We are proud to be involved in a variety of community-led projects that explore different themes and ideas - documented in our archive records - to inspire creative outputs and collect shared memory. 

Project leads include students and staff from London Metropolitan University, but also partners across different charity organisations and local authorities. Funding support for these projects has kindly been provided by the University, individual bequests or external bodies like the National Lottery Heritage Fund and Irish Emigrant Support Programme. 

  

Student Live Briefs

An important part of the internal outreach we do at the University is to create opportunities that provide live brief experiences for our students using primary source material from Special Collections. 

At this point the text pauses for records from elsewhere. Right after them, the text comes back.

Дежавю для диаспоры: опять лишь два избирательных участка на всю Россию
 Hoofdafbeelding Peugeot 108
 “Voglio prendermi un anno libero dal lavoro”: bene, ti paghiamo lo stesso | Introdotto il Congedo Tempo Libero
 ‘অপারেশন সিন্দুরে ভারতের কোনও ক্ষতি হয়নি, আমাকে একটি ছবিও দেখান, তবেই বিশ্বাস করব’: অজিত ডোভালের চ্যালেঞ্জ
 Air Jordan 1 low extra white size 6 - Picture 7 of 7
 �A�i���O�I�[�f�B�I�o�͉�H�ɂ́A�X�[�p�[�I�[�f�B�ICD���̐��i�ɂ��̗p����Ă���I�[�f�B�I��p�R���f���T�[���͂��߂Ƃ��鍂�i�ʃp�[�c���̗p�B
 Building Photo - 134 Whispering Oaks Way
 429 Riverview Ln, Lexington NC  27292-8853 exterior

Since 2024, this has included funded projects using material from The Archive of the Irish in Britain and the Trades Union Congress Library collections. 

Artist in Residence 

In June 2024, we invited one student from the School of Art, Architecture and Design to respond to the Archive of the Irish in Britain, documenting Irish migration. Freya explored migration, memory, and identity through a digital animation using archival imagery and printed her work onto a large format scroll.

Her work reimagines archival records, reflecting how personal and collective memories shift over time - Read more

  

Irish in Britain Memory Box 

In Spring 2025, BA Product and Furniture Design students developed the Memory Box project using oral histories from Irish migrants in Britain. They created an interactive box with nine themed objects, each triggering audio recordings to support storytelling and reminiscence.

Using RFID tagging and 3D printing, in collaboration with the School of Computing and Digital Media, the box is designed to travel to community groups to promote wellbeing and memory-sharing. Read more

 

Grunwick 50: Visual Design and the Archive

In April 2026, Illustration and Animation and Graphic Design students created visual art responses for our 'Grunwick 50' display area using archival material from the 1976-78 strike. Part of a 'work-ready' placement, they produced over two weeks contemporary designs like posters and handouts based on primary sources.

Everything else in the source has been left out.